Concepts are not just things in our heads they are things we can explore immersed in the world around us. When we make art or interpret it we explore concepts with our eyes and bodies, and with materials, techniques and rhythms. Art does not merely represent thought it helps to expand its definition.
Artworks can produce cognitive dissonance; this suggests art isn’t just there to make us feel happy and content. It also presents us with cognitive and perceptual problems (or "problem spaces") that help us to become aware of implicit attitudes and values acquired through childhood, cultural and institutional learning and through the daily consumption of images in mass media and digital culture.
In our seminars we try to unpick some of the dualisms by which we acquire implicit assumptions about the world. Some of the main traditional dualisms are:
Body/Mind; Representation/Experience; Self/Other and Materialism/Conceptualism
Art’s problem spaces help us to think about how these dualisms might be challenged, destabilised or questioned. It is important that these problem spaces can be shared between viewers and gallery visitors, artists, critics and students in this seminar. Problem spaces are good things. Viewers of art often feel they need to solve the "puzzle" of art, to find meaning; this may be pleasurable and provides motivation and purpose. But there are also opportunities to be open minded about different possible answers. This exercises our creative thought. While art presents problem spaces it does not impose an answer or solution to a problem.
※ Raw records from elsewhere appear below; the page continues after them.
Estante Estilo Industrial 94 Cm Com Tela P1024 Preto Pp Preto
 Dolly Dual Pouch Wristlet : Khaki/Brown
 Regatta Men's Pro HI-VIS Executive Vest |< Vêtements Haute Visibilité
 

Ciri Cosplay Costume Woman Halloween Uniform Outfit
Art also has a close relationship with non-rational thought, subconscious complexities, imagination, emotions, affects and sensations — all of which influence our concepts and how we might combine them. These ‘felt’ and very much embodied aspects to the art experience are addressed and often structured by artistic practice. This may also have political and ethical dimensions, both in terms of freedom of movement and freedom of thought.
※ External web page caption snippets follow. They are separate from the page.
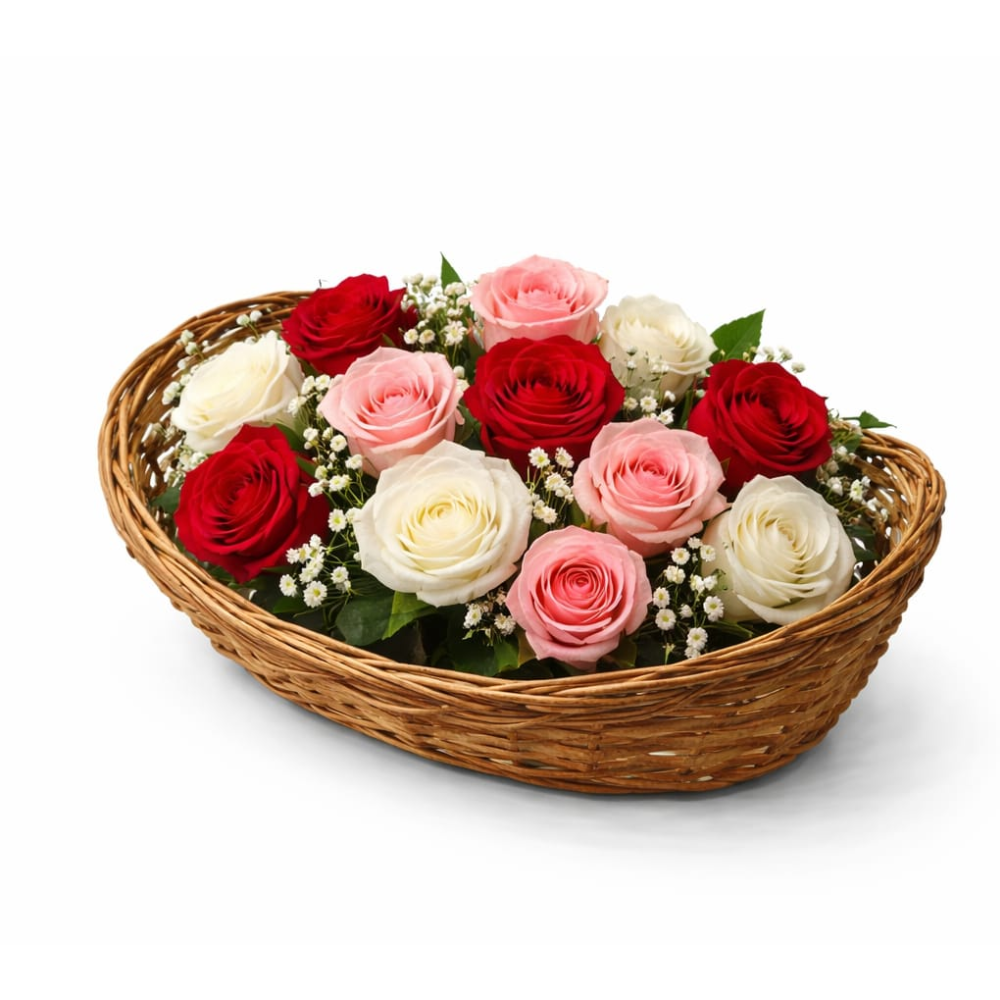 Handwoven Willow Basket - Image 2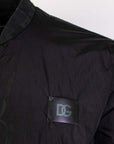 Sleek Black Bomber Jacket for the Dapper Gentleman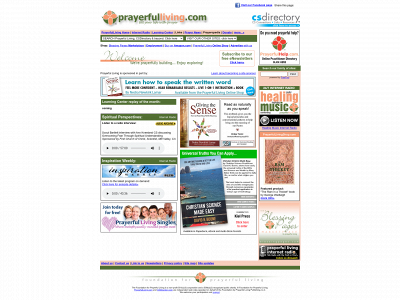 prayerfulliving.com snapshot
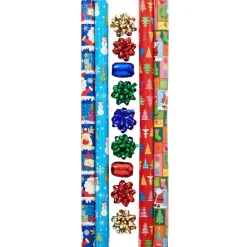 Papier cadeau motif Noël x4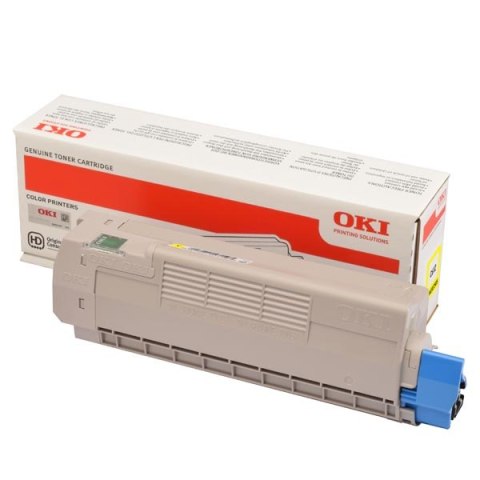 OKI oryginalny toner 46507505, yellow, 6000s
It could be said that art is a vision of life as it might be. It may present us with some interesting challenges and counterfactuals concerning this vision. It often helps to produce aspects of spontaneity or improvisation rather than premeditated rules.
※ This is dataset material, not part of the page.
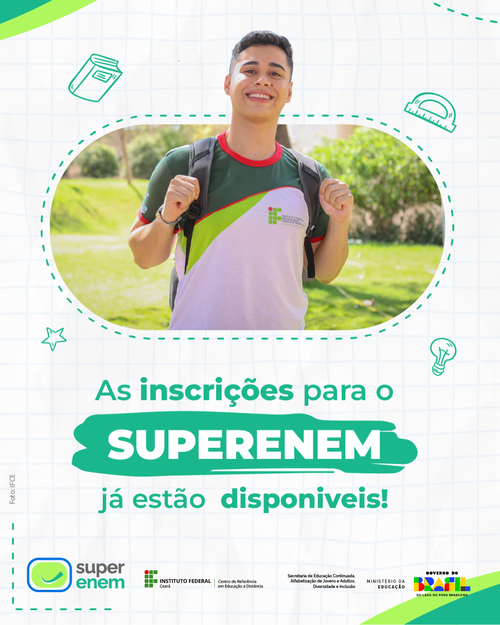 Divulgação para inscrições do SuperEnem 2025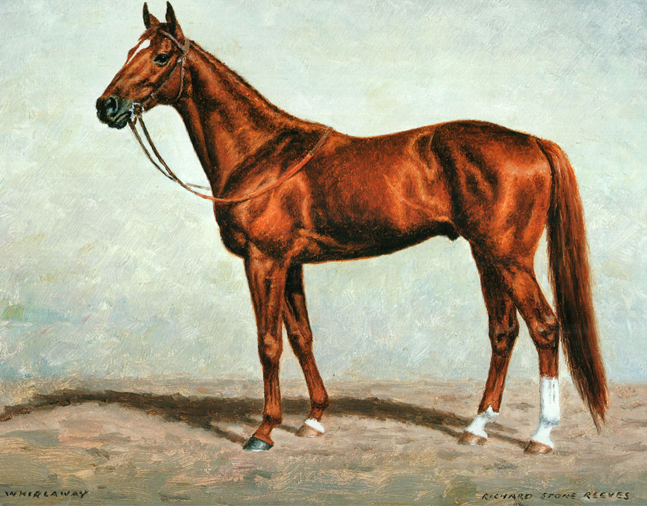 Painting of Whirlaway by Richard Stone Reeves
As the French artist Jean Dubuffet said:
"[…] the only flowers I like are wild flowers. Orderly gardens make me nervous…I feel a sharp curiosity for everything that does not emanate from man, in which man has not intervened…wild places, wild animals…and for my interest in worlds very different from that of man…As for human beings, it is also their wildness that I am fond of…I am not a great believer in the laws concerning the nature of art. As soon as such a law is proclaimed I immediately experience an intense desire to infringe it."
Artworks can help to produce feelings of being "in the moment", providing immersive qualities that work against the formulae of visual culture and the dogmas of cultural institutions. Sometimes it emerges at its highest reaches when rational procedures and measurements have been exhausted.
Key theorists
Henri Bergson, Sigmund Freud, Georges Bataille, Martin Heidegger, Maurice Merleau-Ponty, Michel Foucault, Roland Barthes, Henri Lefebvre, Judith Butler, Rosalind Krauss, Anton Ehrenzweig, Michael Fried, Gilles Deleuze and Félix Guattari, Jacques Rancière, Jane Bennett.
Artists
Robert Smithson, Robert Morris, Hans Haacke, Marina Abramovic, Matthew Barney, Mona Hatoum, Rachel Whiteread, Tracy Emin, Andre Serrano, Thomas Hirschhorn Damien Hirst, Cindy Sherman, Catherine Opie, Jeff Wall, Thomas Struth, Wangechi Mutu, Olafur Eliasson, Lisa Reihana, Dane Mitchell, Simon Denny, Luke Willis Thompson, Francis Uprichard, Billy Apple, Hito Steyerl, Bernadette Corporation, Amalia Ulman, Frances Stark and many more.